A recent discussion on c.l.f. brought it to my attention that in some circumstances BITSET.4TH may be too slow. If you don't remember, these are implementations of BSD functions ffs() and fls(), dealing with the first or the last bit set in in a cell.
After studying several functions I didn't really find what I was looking for: a fast function that was easily extended to 64 bit. So I decided to design my own. The new one is completely unrolled and only uses additions and bitwise words. It works bytewise and uses an array to get the bit inside the byte.

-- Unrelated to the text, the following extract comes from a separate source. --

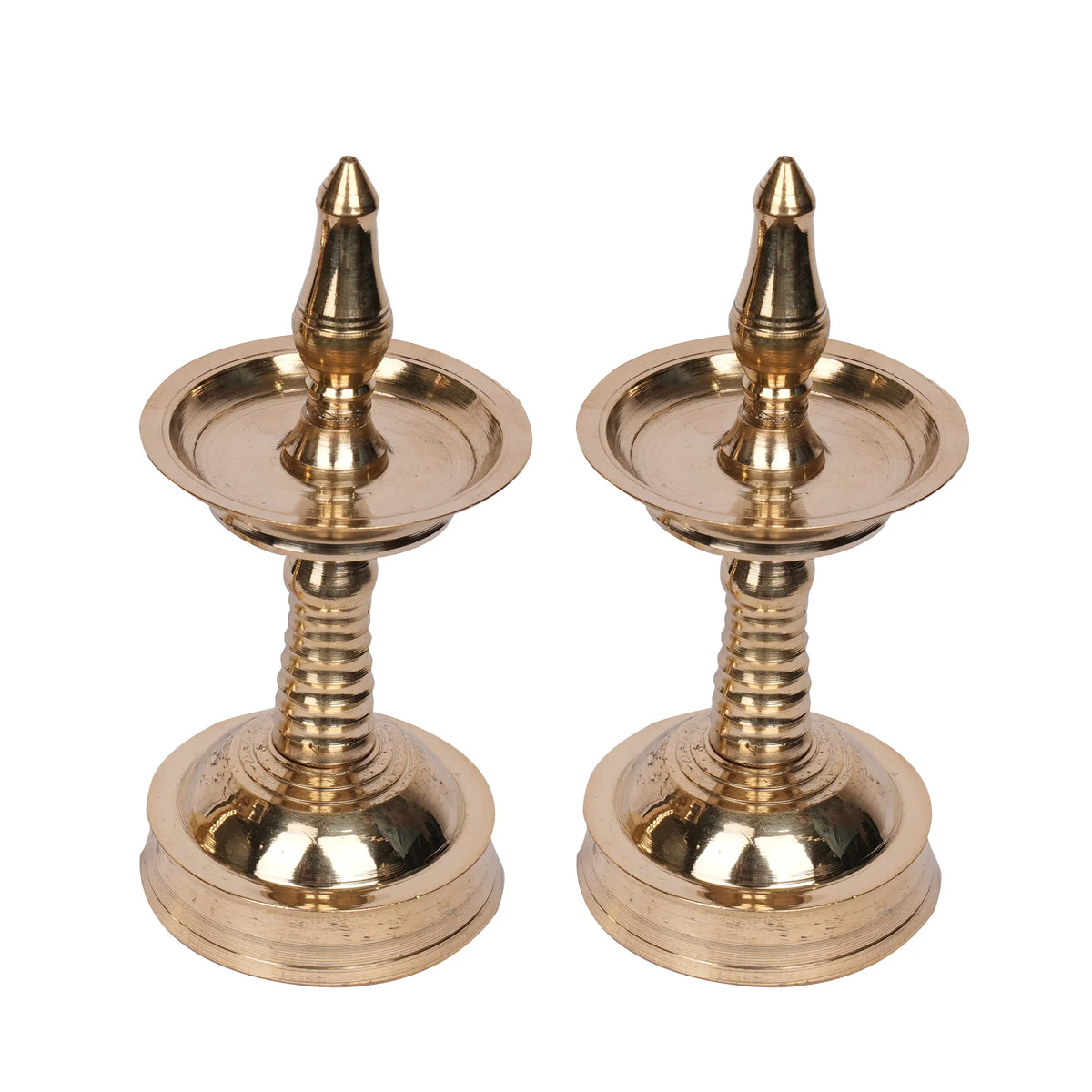 Handcrafted Brass Kerala Deepam – 4.5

I tested all positive numbers (zero included) to make sure it was absolutely identical and then I benchmarked it. Results:
habe@linux-471m:~/
4th.dev> time pp4th -x ffsfls.4th (lastbit old)
real 1m40.189s
user 1m40.014s
sys 0m0.072s
habe@linux-471m:~/
4th.dev> time pp4th -x ffsfls.4th (lastbit new)
real 0m7.975s
user 0m7.968s
sys 0m0.008s
habe@linux-471m:~/
4th.dev>
habe@linux-471m:~/
4th.dev> time pp4th -x ffsfls.4th (firstbit old)
real 0m11.172s
user 0m11.169s
sys 0m0.000s
habe@linux-471m:~/
4th.dev> time pp4th -x ffsfls.4th (firstbit new)
real 0m6.844s
user 0m6.840s
sys 0m0.000s
habe@linux-471m:~/
4th.dev>
You got it right: the performance of the old LASTBIT was abysmal. I managed to speed it up 3 fold by designing a new one. You see, the old one shifted right until only the number "1" was left. The new one works the other way around: it shifts left until the high bit is set. The new ones though do 100 million tests in about 7 seconds, another 2-4 times speedup.
Maybe I'll try some other stuff, just for fun. In the meanwhile, I think a 12 fold speedup for LASTBIT isn't half bad..
Hans Bezemer